━━ Data for review

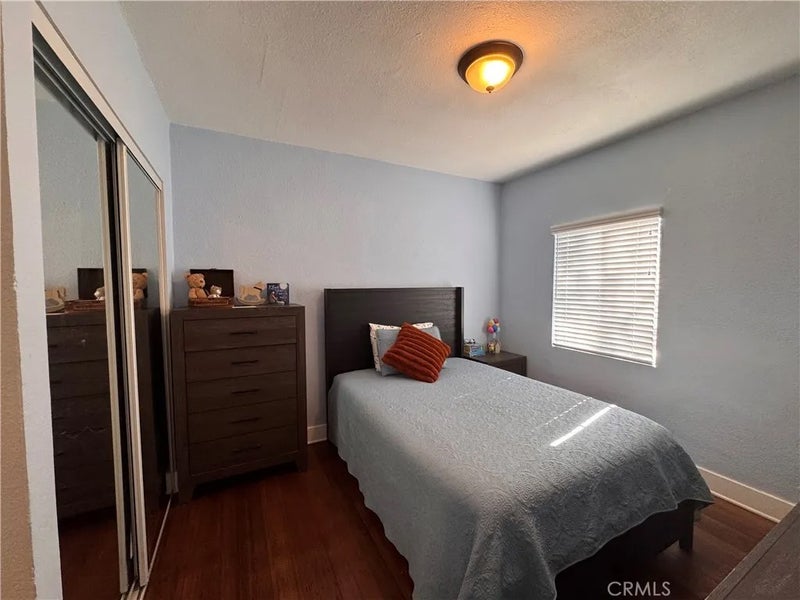 220 W Kendall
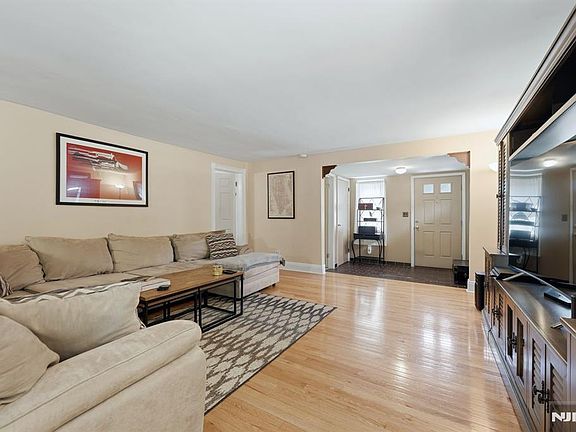 5th image of 20 Yesler Way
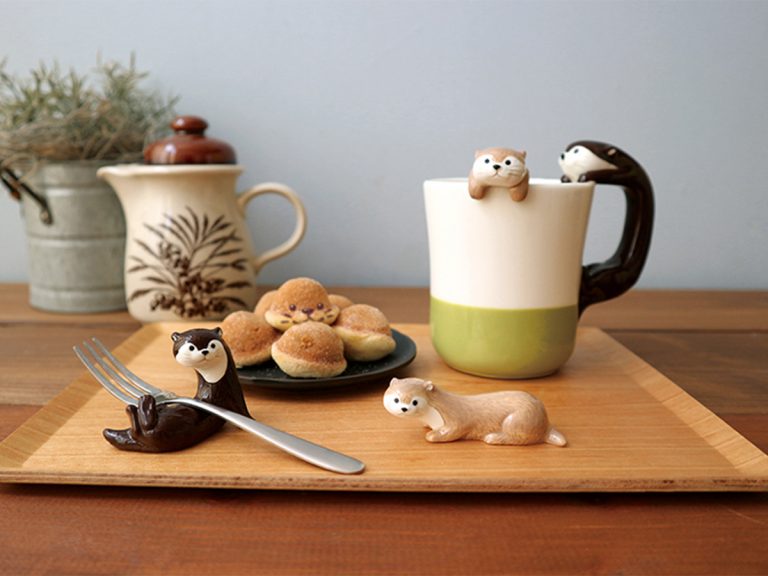 These adorable otter mugs, lids, spoons and chopstick rests are otterly irresistible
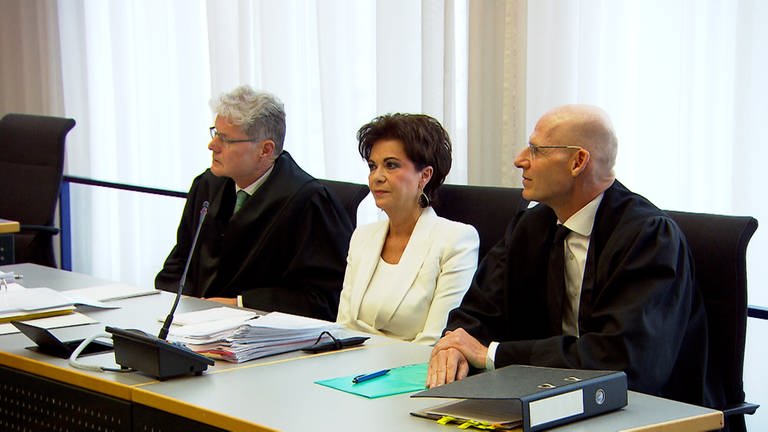 Erwin Müllers Ehefrau Anita zusammen mit ihren beiden Anwälten vor der Zivilkammer das Landgerichts Ulm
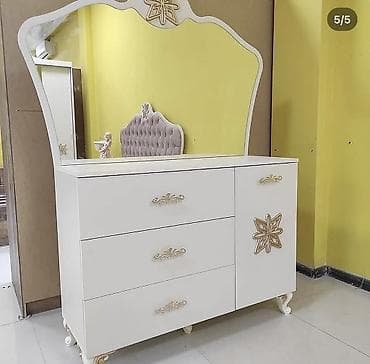 saloglu kunc divan: Zövqlü dizayna malik yataq dəsti. Dəstə daxildir: - Yumşaq üzlüklü — 3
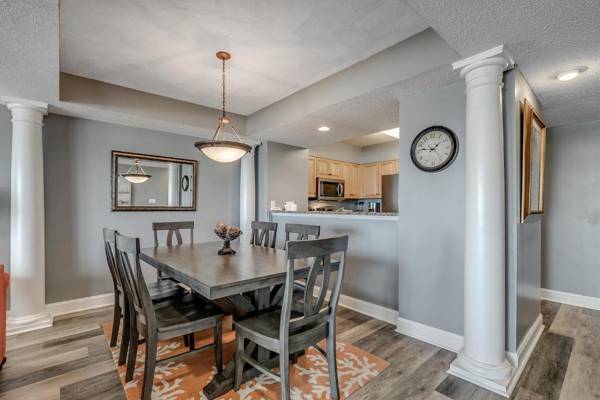 Sound Wind 402 with Oceanfront Balcony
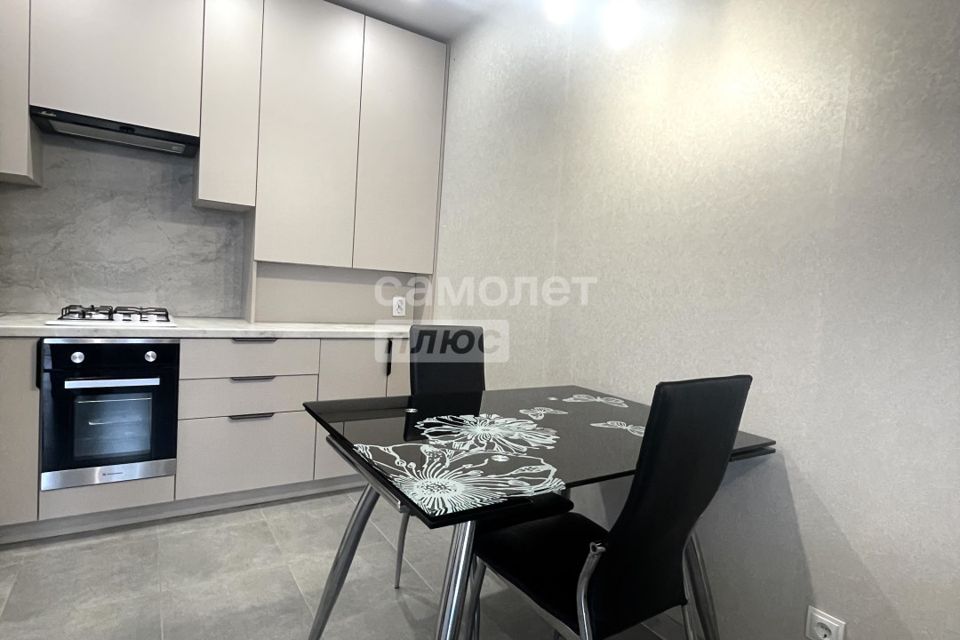 Сдаётся 1-комнатная квартира, 42 м²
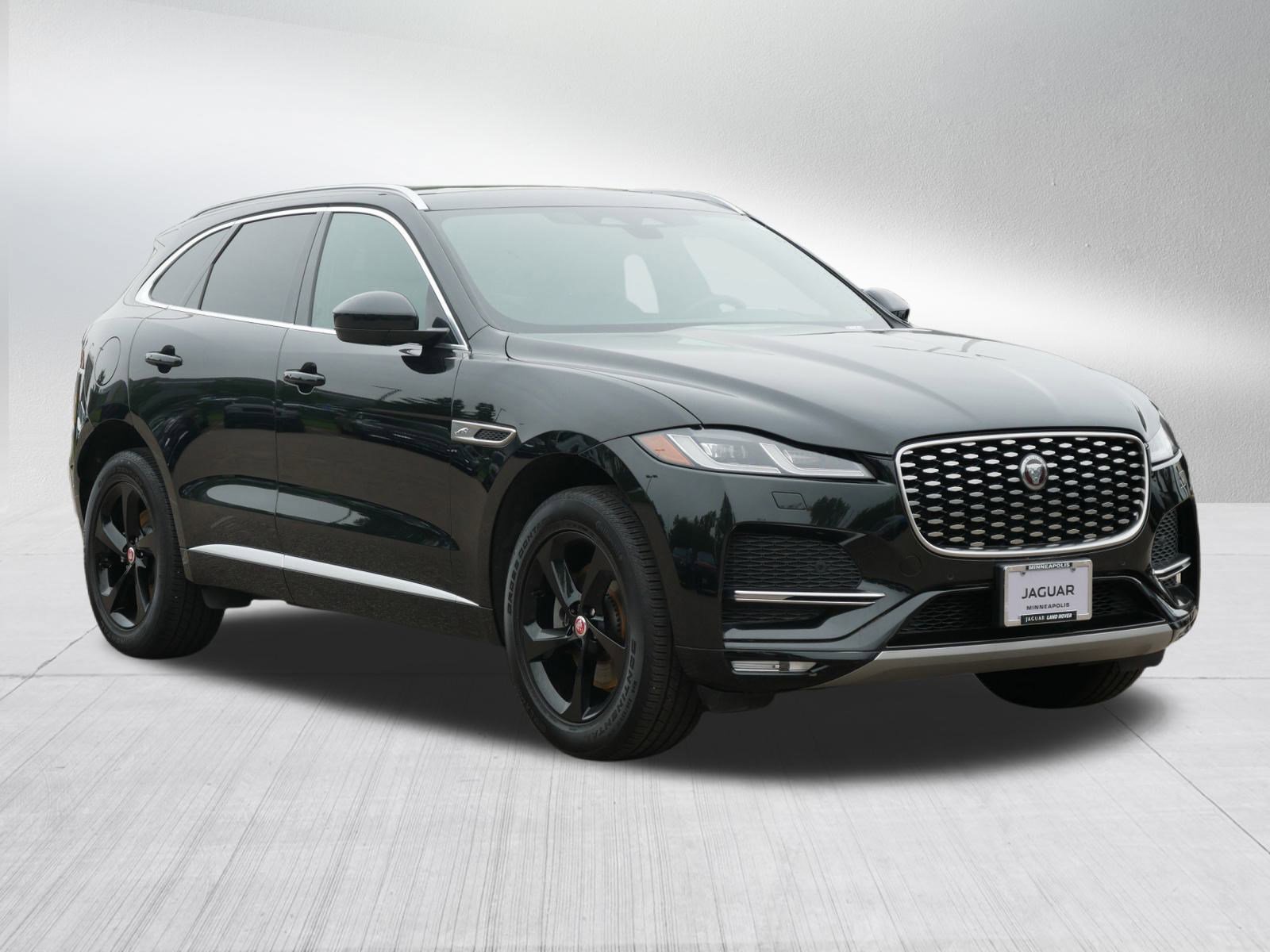 2023 Jaguar F-PACE P250 S photo 3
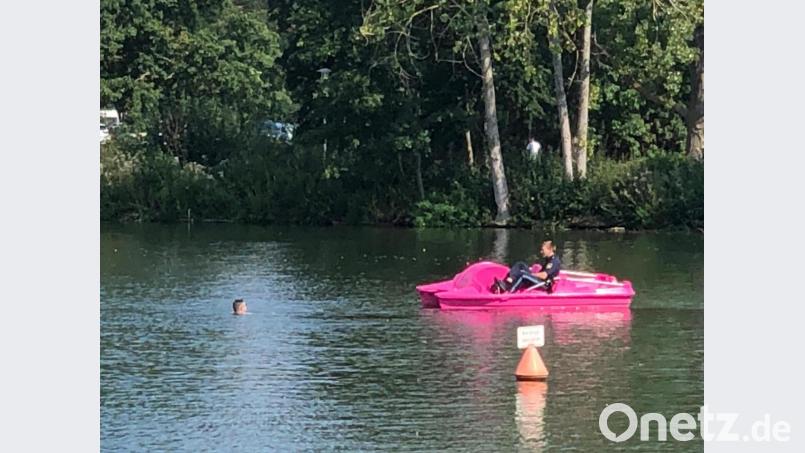 Die Polizei hat in Nürnberg einen Mann aus dem Wöhrder See geholt - per rosa Tretboot. Bild: Polizei Mittelfranken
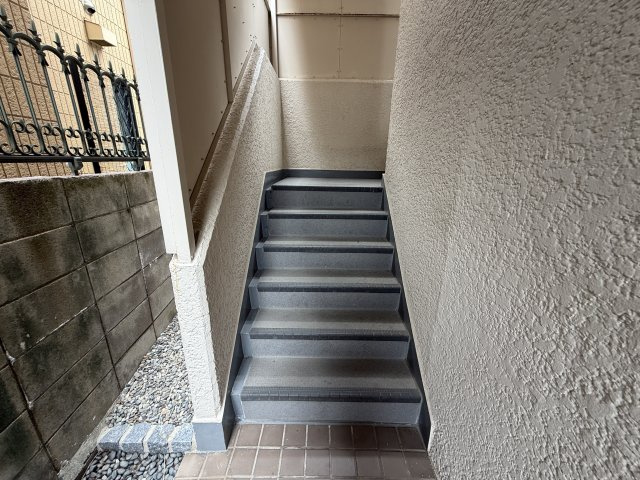 ドミトリー石屋川のエントランス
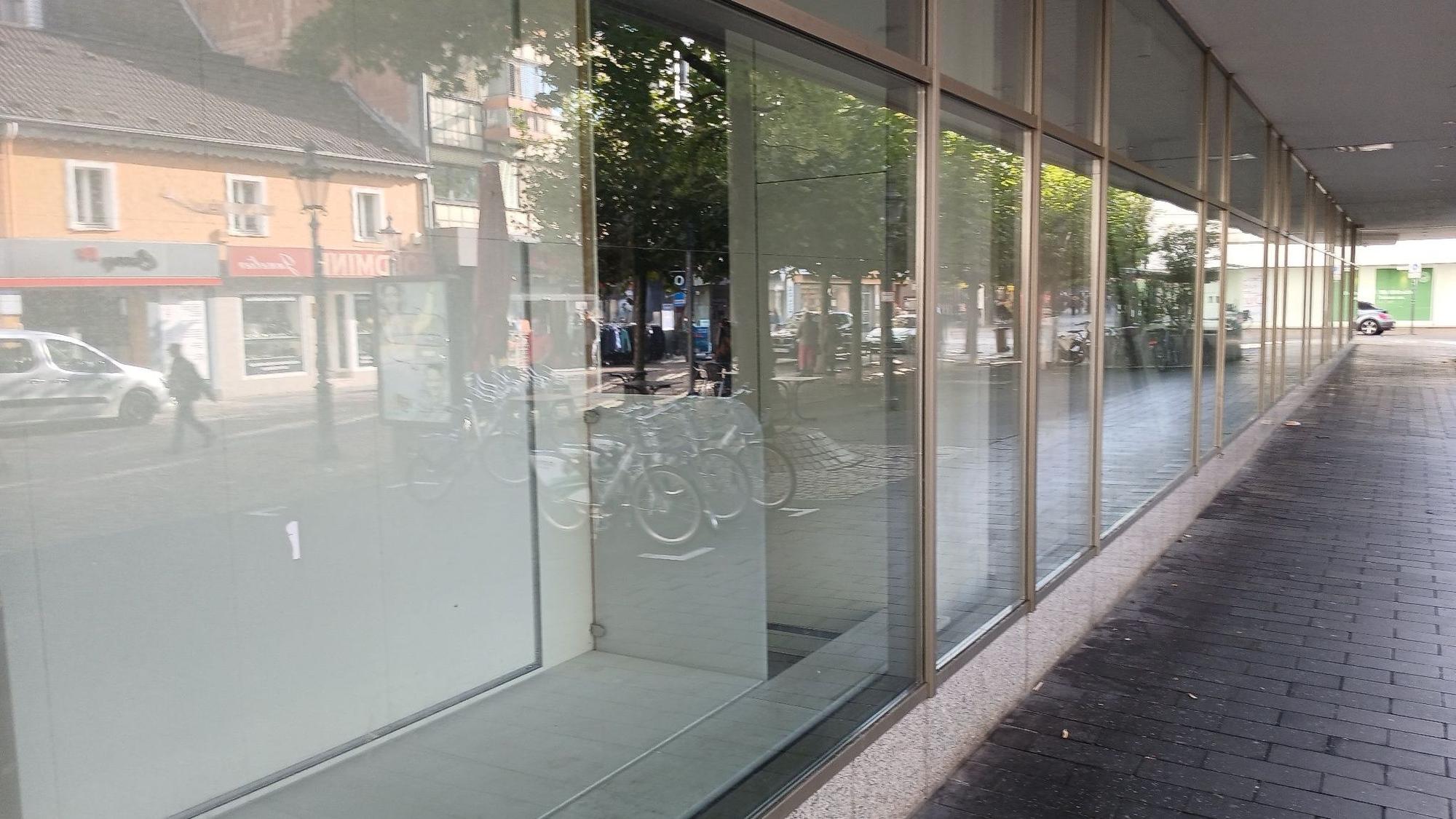 Leere Schaufensterfront eines Warenhauses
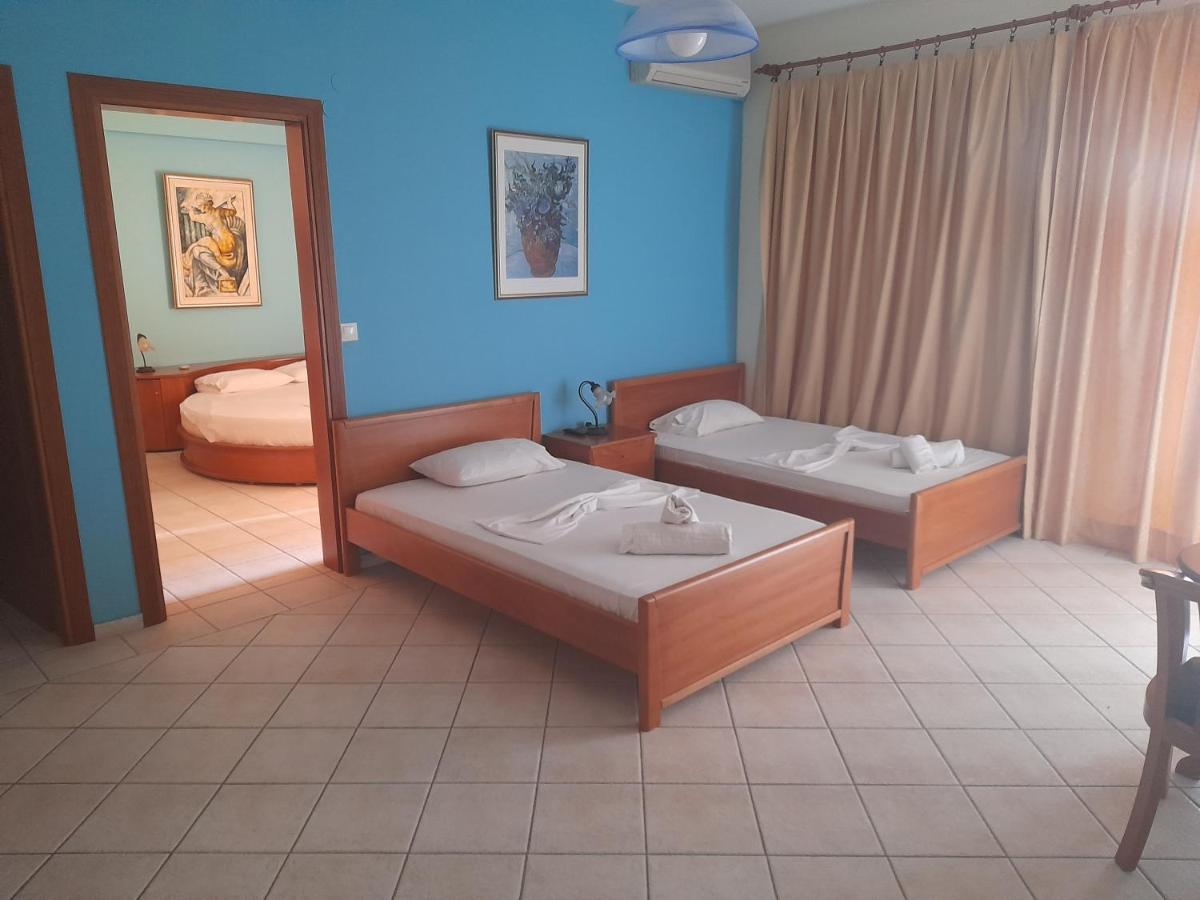 Hotel Iria Beach Exterior photo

━━━━

-- Assigned task --
Where the material above includes pictures, omit them and retype everything else exactly.

-- Exercise answer --
 220 W Kendall
 5th image of 20 Yesler Way
 These adorable otter mugs, lids, spoons and chopstick rests are otterly irresistible
 Erwin Müllers Ehefrau Anita zusammen mit ihren beiden Anwälten vor der Zivilkammer das Landgerichts Ulm
 saloglu kunc divan: Zövqlü dizayna malik yataq dəsti. Dəstə daxildir: - Yumşaq üzlüklü — 3
 Sound Wind 402 with Oceanfront Balcony
 Сдаётся 1-комнатная квартира, 42 м²
 2023 Jaguar F-PACE P250 S photo 3
 Die Polizei hat in Nürnberg einen Mann aus dem Wöhrder See geholt - per rosa Tretboot. Bild: Polizei Mittelfranken
 ドミトリー石屋川のエントランス
 Leere Schaufensterfront eines Warenhauses
 Hotel Iria Beach Exterior photo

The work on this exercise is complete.